SERMON CIII. MARTHE ET MARIE OU L’UNIQUE NÉCESSAIRE[2].

ANALYSE. – Marthe avait le bonheur de nourrir le Fils de Dieu ; Marie avait un bonheur plus grand, celui d’être nourrie par lai et de demeurer attachée à cette unité divine au sein de laquelle nous devons demeurer éternellement. Si donc il est bon d’exercer la charité avec Marthe, il est meilleur encore d’écouter Jésus-Christ avec Marie ; mais n’oublions pas que les bonnes œuvres de Marthe conduisent au bonheur éternel figuré par celui de sa sœur.

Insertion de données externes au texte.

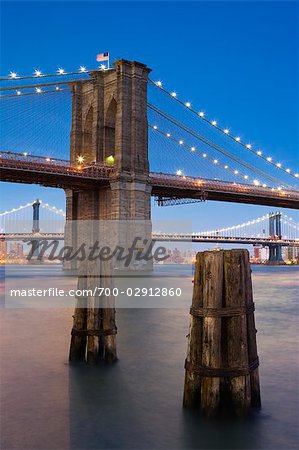 Brooklyn Bridge and Manhattan Bridge, New York, New York, USA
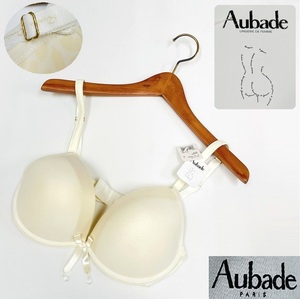 未使用品 /C90/ Aubade BIJOU ホワイト系 パデッドブラ ブラジャー タグ レディース フランス パール ビジュー 大人可愛い下着 オーバドゥ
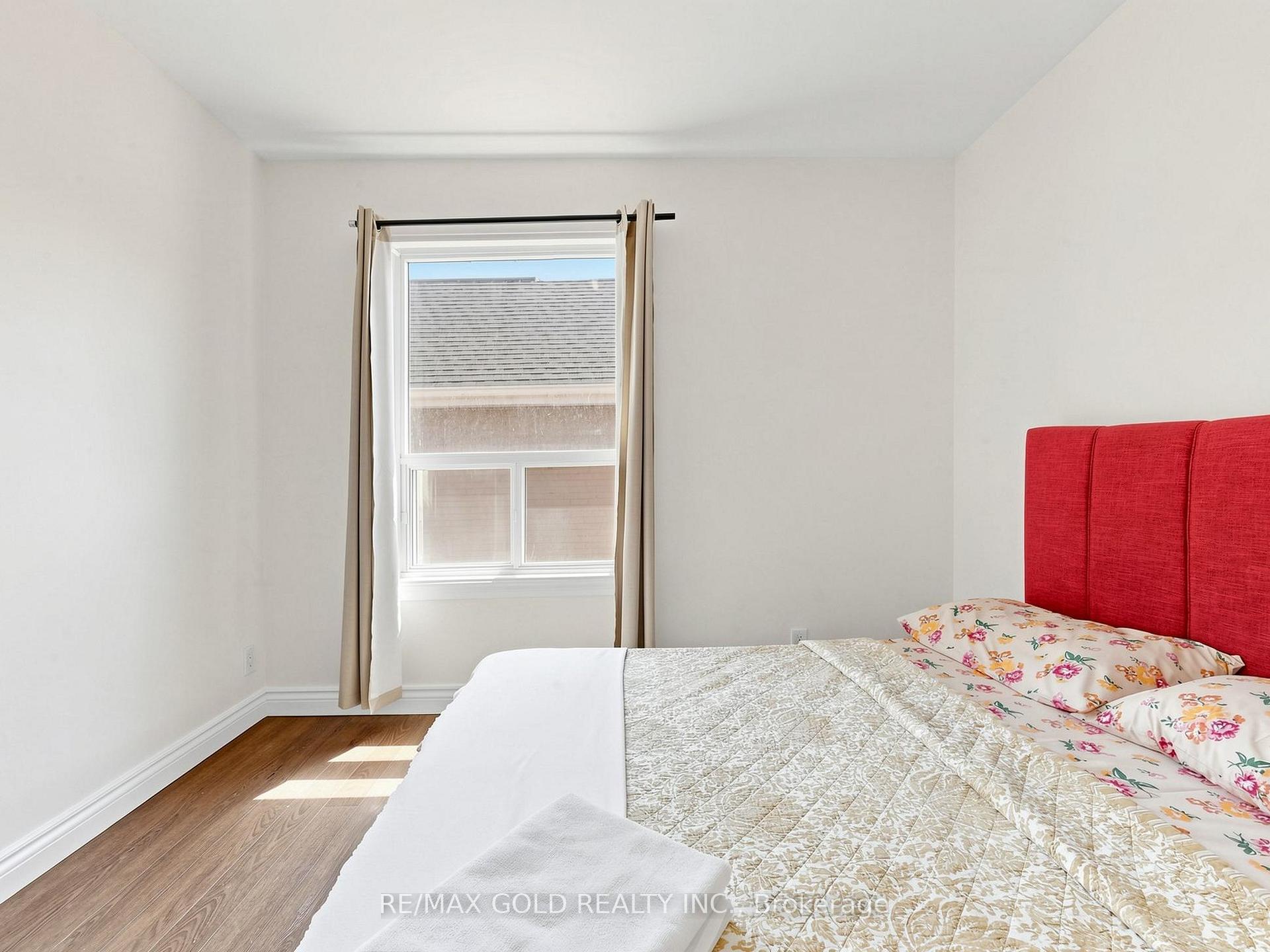 Photo 23 of 746 King Street W, Hamilton, Westdale — HOMEH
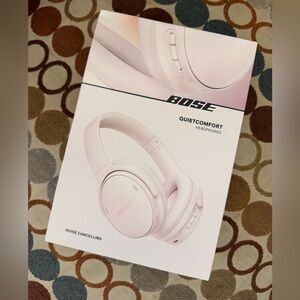 Bose QuietComfort Headphones - Pink - New Sealed Box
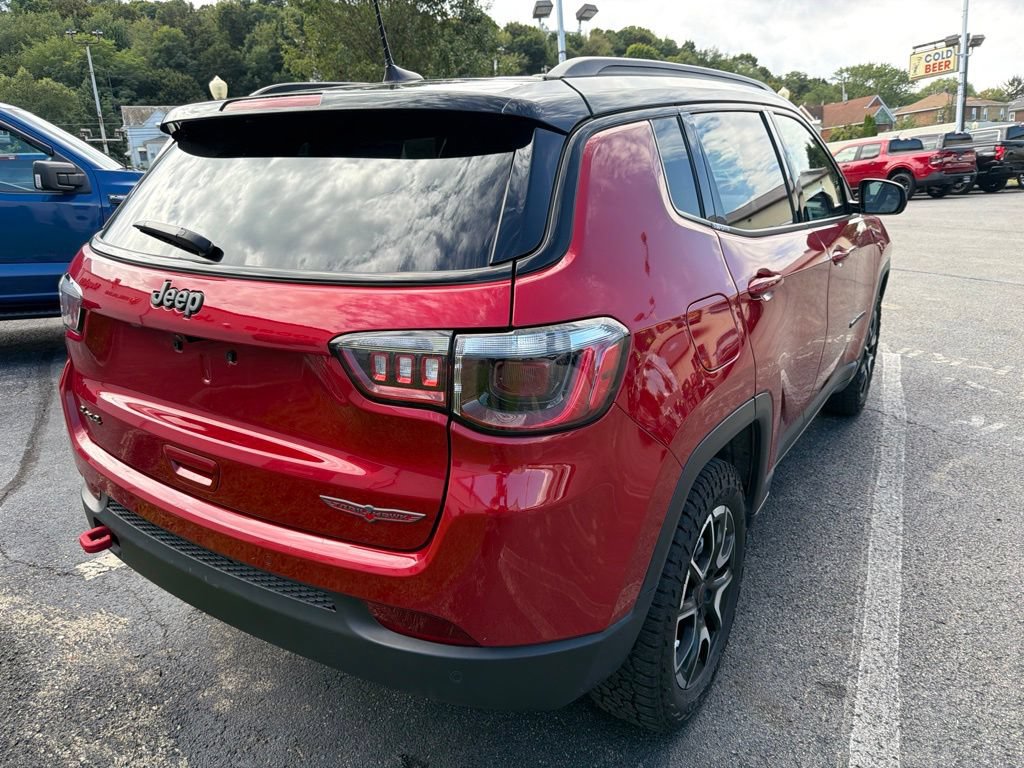 Certified 2025 Jeep Compass Trailhawk AWD/4WD image 9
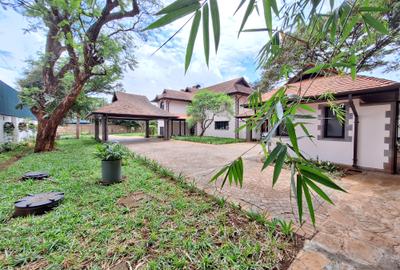 5 Bed House with En Suite at Un Avenue - 2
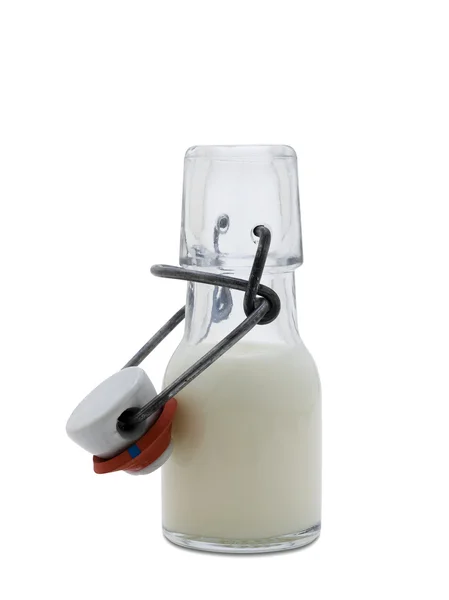 Botella de vidrio pequeña llena de leche (camino de recorte ) —  Fotos de Stock
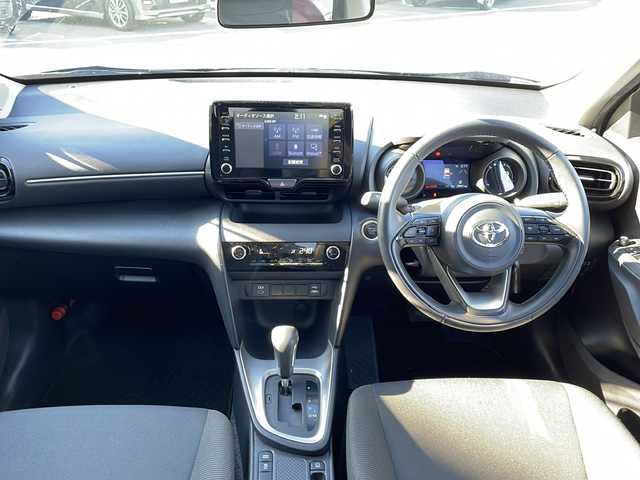 トヨタ ヤリスクロス G 新潟県 2023(令5)年 2.9万km ダークブルーマイカM 純正ディスプレイオーディオ(ナビなし)/アラウンドビューモニター/冬タイヤ積載/トヨタセーフティセンス/・プリクラッシュセーフティ/・レーントレーシングアシスト＋レーンディパーチャーアラート/・レーダークルーズコントロール/・オートマチックハイビーム/・ロードサインアシスト/・ドライバー異常時対応システム/・プロアクティブドライビングアシスト/クリアランスソナー/ステアリングスイッチ/ドアバイザー/取扱説明書/保証書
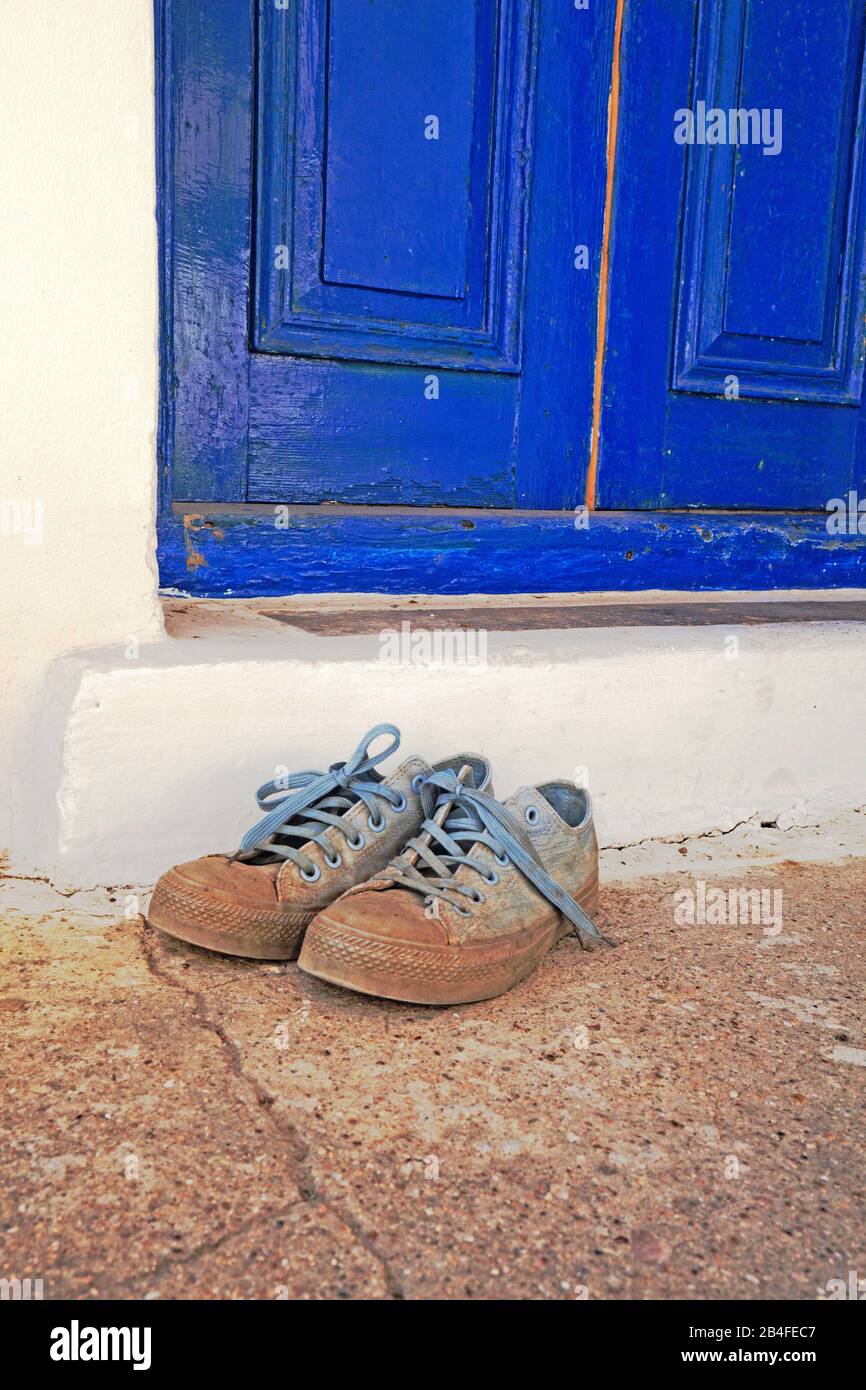 Door mat shoes at front entrance hi-res stock photography and images - Alamy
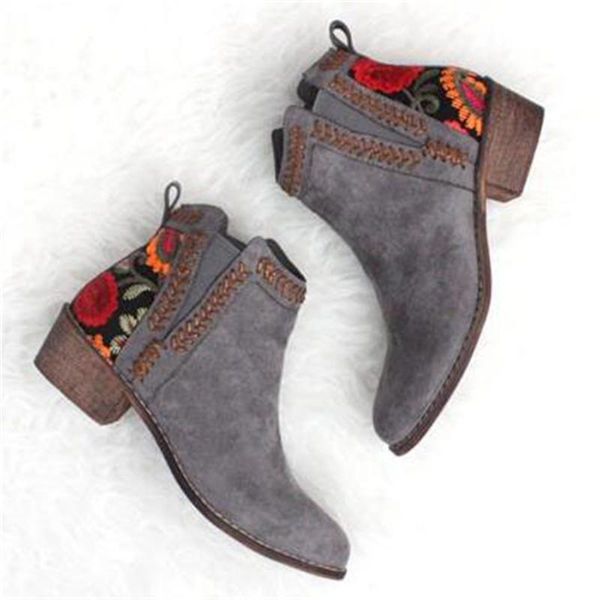 classic ankle boots women short autumn winter female slip on causal platform shoes woman flats plus size 35-43, Black
classic ankle boots women short autumn winter female slip on causal platform shoes woman flats plus size 35-43, Black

1. Les paroles de Jésus-Christ Notre-Seigneur qu’on vient de nous lire dans l’Évangile, nous rappellent qu’il y a une mystérieuse unité vers laquelle nous devons tendre, pendant que nous nous fatiguons au sein de la multiplicité que présente ce siècle. Or nous y tendons en marchant et avant, de nous reposer, pendant que nous sommes sur la voie, et pas encore dans la patrie, à l’époque des désirs et non au jour des jouissances. Tendons-y toutefois, mais tendons-y sans lâcheté et sans interruption, de manière à pouvoir y arriver enfin.
2. Marthe et Marie étaient deux sœurs ; aussi unies par la religion qu’elles l’étaient par le sang, toutes deux s’attachèrent au Seigneur et elles s’accordèrent toutes deux à le servir pendant qu’il était ici dans sa vie mortelle. Marthe le reçut comme on reçoit un hôte, et pourtant c’était une servante qui recevait son Maître, une malade qui accueillait son Sauveur, une créature qui traitait son Créateur ; elle le recevait pour nourrir son corps, mais aussi pour être nourrie elle-même dans son âme. Quand en effet le Seigneur daigna prendre une nature d’esclave et laisser nourrir cette nature par ses serviteurs, c’était par condescendance et non par nécessité ; oui c’était condescendance de permettre qu’on le traitât. Sans doute il avait une chair sujette à la faim et à la soif ; mais ignorez-vous que quand il eut faim au désert les anges vinrent le servir[3] ? En acceptant ce qu’on lui donnait, il faisait donc une grâce. Pourquoi s’en étonner, puisque pour donner à une veuve, il se servit du saint prophète Élie ? Il nourrissait d’abord ce prophète par le ministère d’un corbeau [4]. Ne pouvait-il plus employer ce moyen quand il l’envoya vers la veuve ? Assurément, il pouvait l’employer encore lorsqu’il l’envoya vers elle ; mais il voulait que le service rendu à son serviteur fût pour cette pieuse veuve une source de bénédictions. Ainsi en était-il du Sauveur lorsqu’il recevait l’hospitalité. Il est venu chez lui, et les siens ne l’ont pas reçu ; mais à tous ceux qui l’on reçut il a donné le pouvoir de devenir les enfants de Dieu[5] ; les adoptant dans leur esclavage pour en faire ses frères ; les rachetant de leur captivité, pour en faire ses cohéritiers. Que nul toutefois ne vienne à dire parmi vous : Heureux ceux qui ont mérité d’accueillir le Christ dans leur propre demeure ! Ne te plains pas, ne murmure pas d’être né au temps où on ne voit plus le Sauveur dans son corps car il n’a pas laissé d’être condescendant pour toi. « Ce que vous avez fait à l’un de ces derniers d’entre mes frères, dit-il, c’est à moi que vous l’avez fait[6]. »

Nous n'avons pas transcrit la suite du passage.